I'm not sure I understand why sorting is necessary.

> Now consider how much more unpleasant that manual counting is, since the Skittles are haphazardly un-arranged in the image.

It's actually very easy: my program outputs images annotated with each recognized Skittle circled with the guessed color: https://imgur.com/a/jlPWXRf You don't need to manually count, just make sure all the circles are the correct colors.

I'm also pretty confident you could improve the accuracy quite a bit by improving the lighting when taking the photos, and/or incorporating something more sophisticated like a neural network (probably trained with Skittles from several bags, separated by color+rejects, with many photos in different random arrangements)

1 comments

> You don't need to manually count, just make sure all the circles are the correct colors.

I guess this takes me a while, and seems significantly more error-prone to me than the corresponding re-count when they are sorted.
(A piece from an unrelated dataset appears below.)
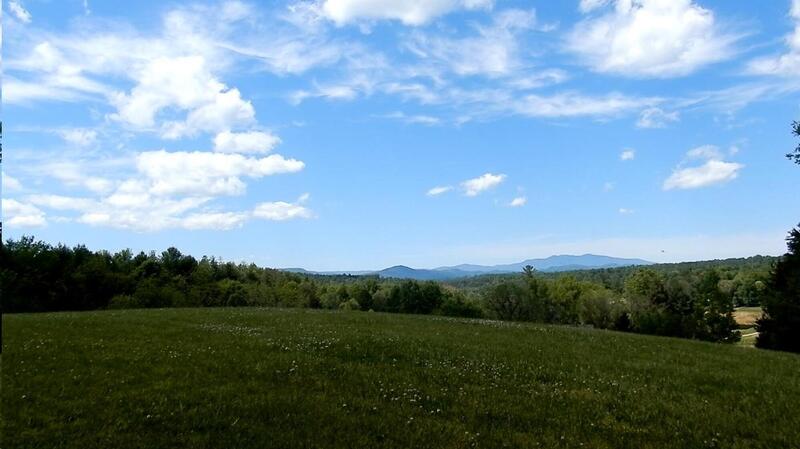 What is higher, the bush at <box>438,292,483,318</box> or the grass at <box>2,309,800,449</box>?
the grass at <box>2,309,800,449</box>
Granted, it's pretty easy when the Skittles are sorted as they are in these images. But how quickly can you scan this image: https://imgur.com/a/KpddGdH and check whether there are any errors? And how confident are you in that visual check?

You are right that this approach may be good enough to find a duplicate, which was the primary objective of the experiment. But I had hoped that this might also serve as a useful dataset for future student exercises, in probability, or even in just this sort of computer vision project... but I wanted to have accurate ground truth, so to speak. Inspecting your spreadsheet, it looks like this algorithm is still less than 95% accurate, even if we only evaluate the "clean" images with Uncounted=0.